* _Task requirements_:
Could you restate all of the records below exactly, with the pictures left out?

Pictures with short captions
*** Begin section ***
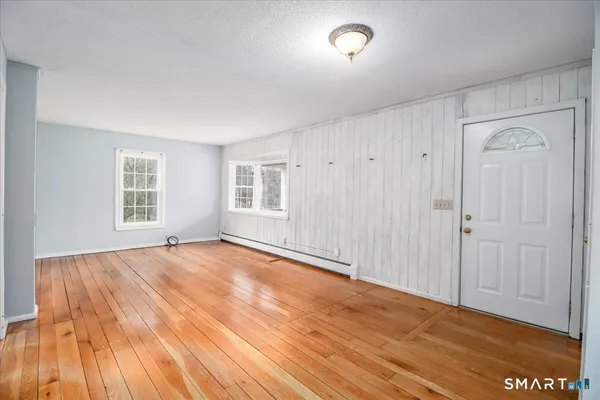 wooden floor in an empty room with a window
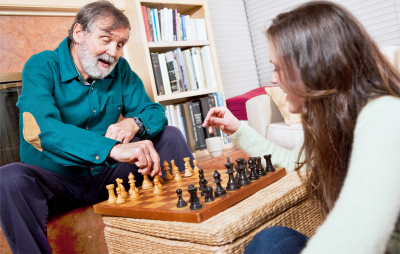 a shot of a senior playing chess with her daughter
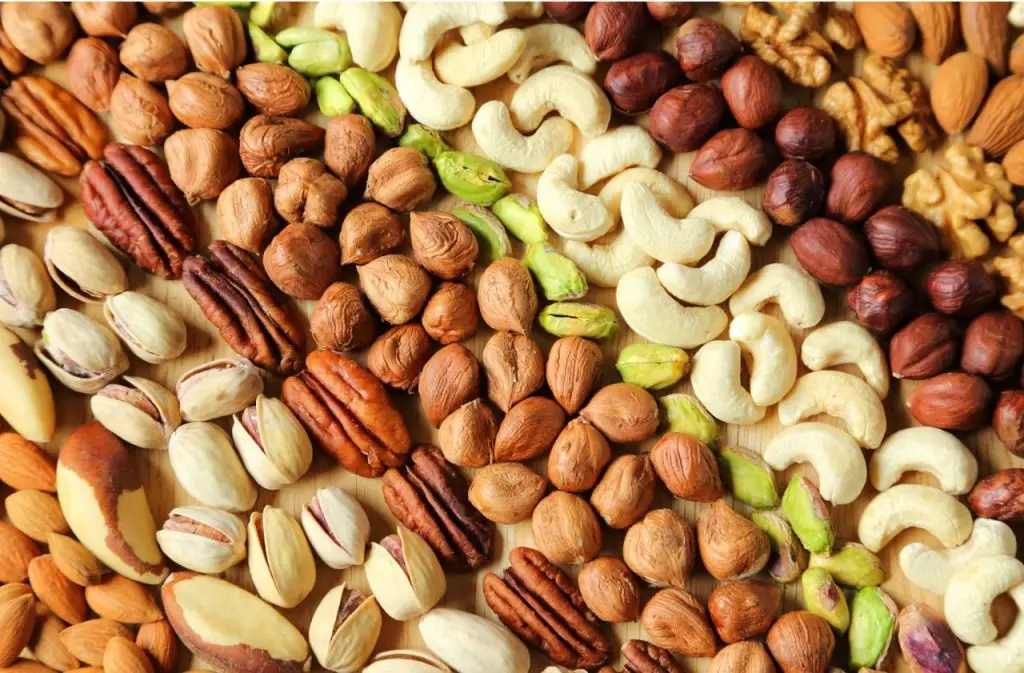 Assorted nuts in a rustic bowl, including almonds, walnuts, hazelnuts, and cashews, on a wooden table.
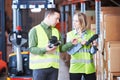 Warehouse service and Management System. Worker with barcode scanner Royalty Free Stock Photo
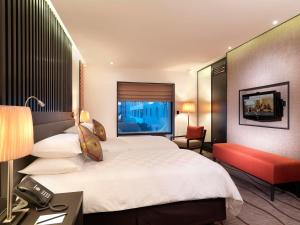 a hotel room with a large bed and a red chair at Sama Sama Hotel KLIA in Sepang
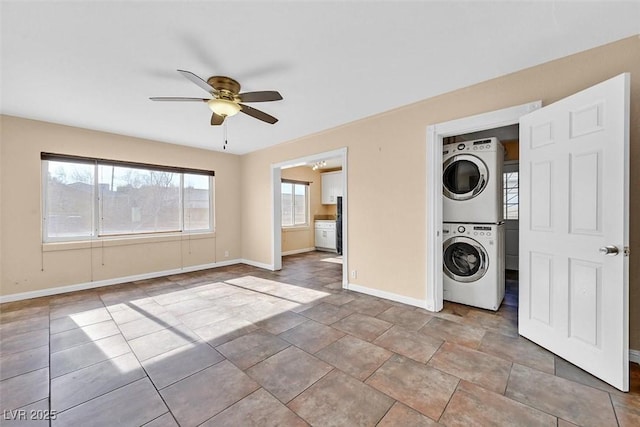 washroom featuring stacked washer and dryer and ceiling fan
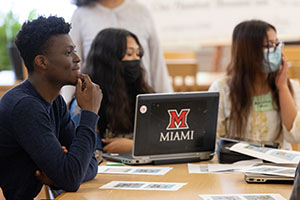 Students wearing masks sitting around a computer with the Miami M logo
*** End section ***
* _Solution to this exercise_:
 wooden floor in an empty room with a window
 a shot of a senior playing chess with her daughter
 Assorted nuts in a rustic bowl, including almonds, walnuts, hazelnuts, and cashews, on a wooden table.
 Warehouse service and Management System. Worker with barcode scanner Royalty Free Stock Photo
 a hotel room with a large bed and a red chair at Sama Sama Hotel KLIA in Sepang
 washroom featuring stacked washer and dryer and ceiling fan
 Students wearing masks sitting around a computer with the Miami M logo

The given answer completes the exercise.